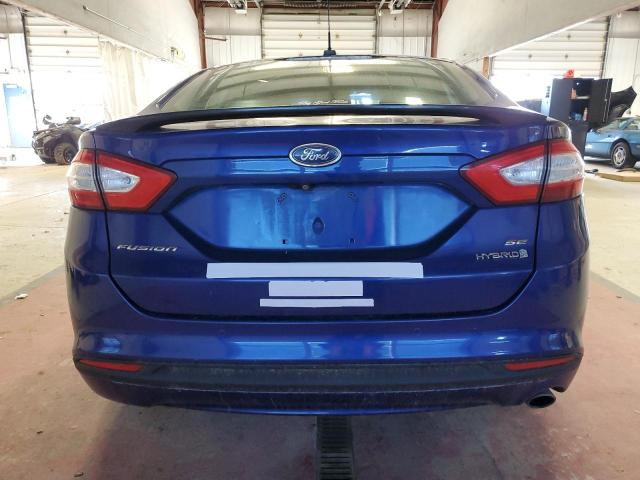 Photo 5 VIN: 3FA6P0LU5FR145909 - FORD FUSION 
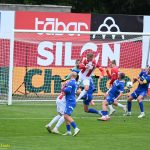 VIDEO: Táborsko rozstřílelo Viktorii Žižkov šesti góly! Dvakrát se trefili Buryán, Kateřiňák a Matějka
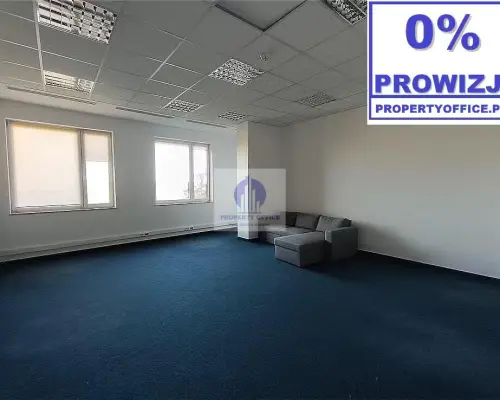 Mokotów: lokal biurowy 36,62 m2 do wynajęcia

--

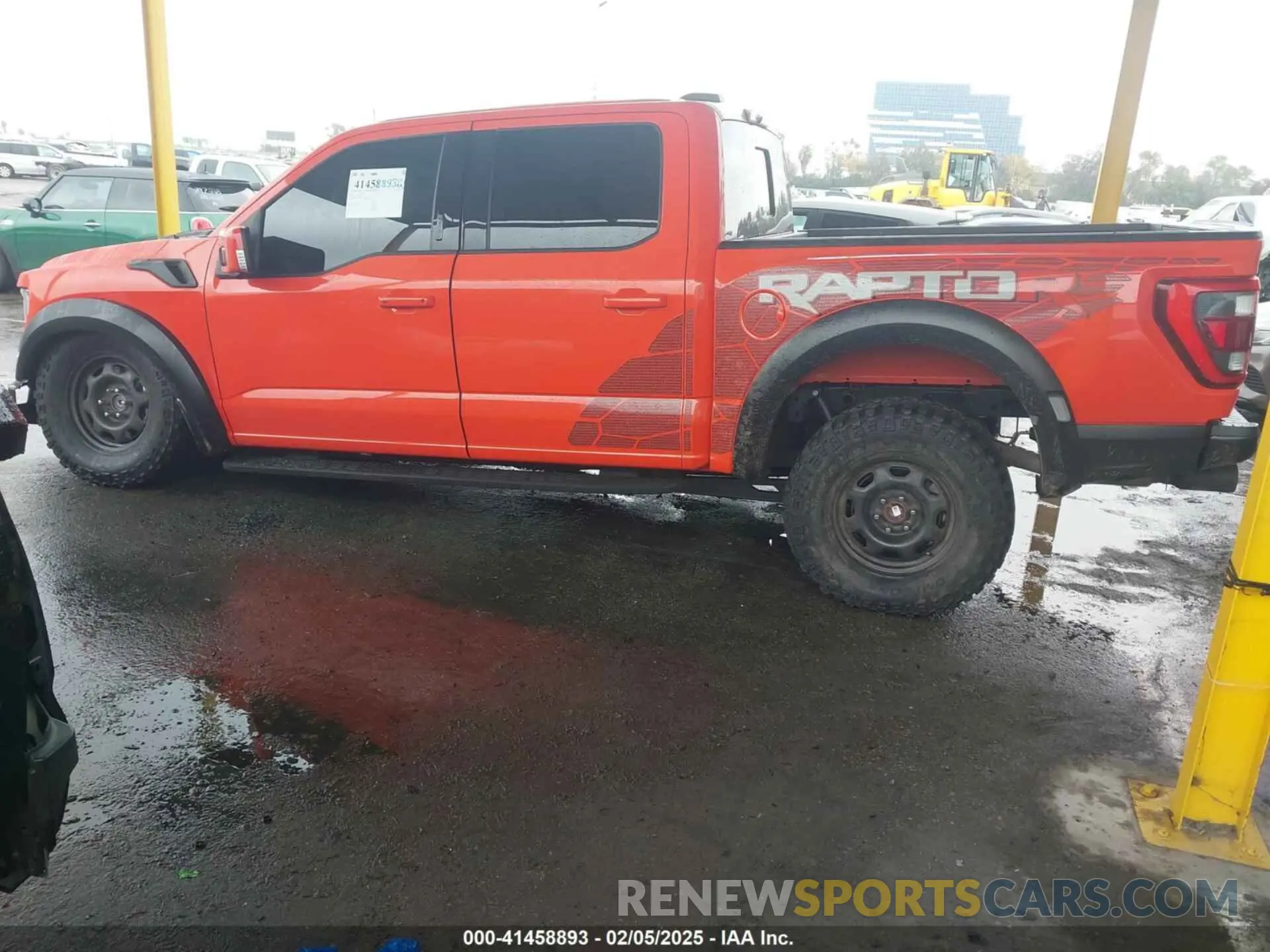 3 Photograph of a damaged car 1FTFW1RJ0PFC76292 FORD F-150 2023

---

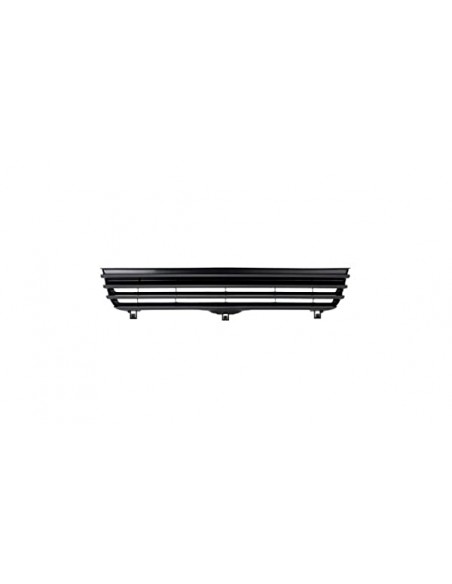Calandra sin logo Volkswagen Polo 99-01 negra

> [Exercise brief] Beginning with the line holding "Photo 5 VIN: 3FA6P0LU5FR145909" in the material above, restate word for word each line through the line holding "Mokotów: lokal biurowy 36,62 m2 do wynajęcia", and exclude pictures.

> [Answer section]
 Photo 5 VIN: 3FA6P0LU5FR145909 - FORD FUSION 
 VIDEO: Táborsko rozstřílelo Viktorii Žižkov šesti góly! Dvakrát se trefili Buryán, Kateřiňák a Matějka
 Mokotów: lokal biurowy 36,62 m2 do wynajęcia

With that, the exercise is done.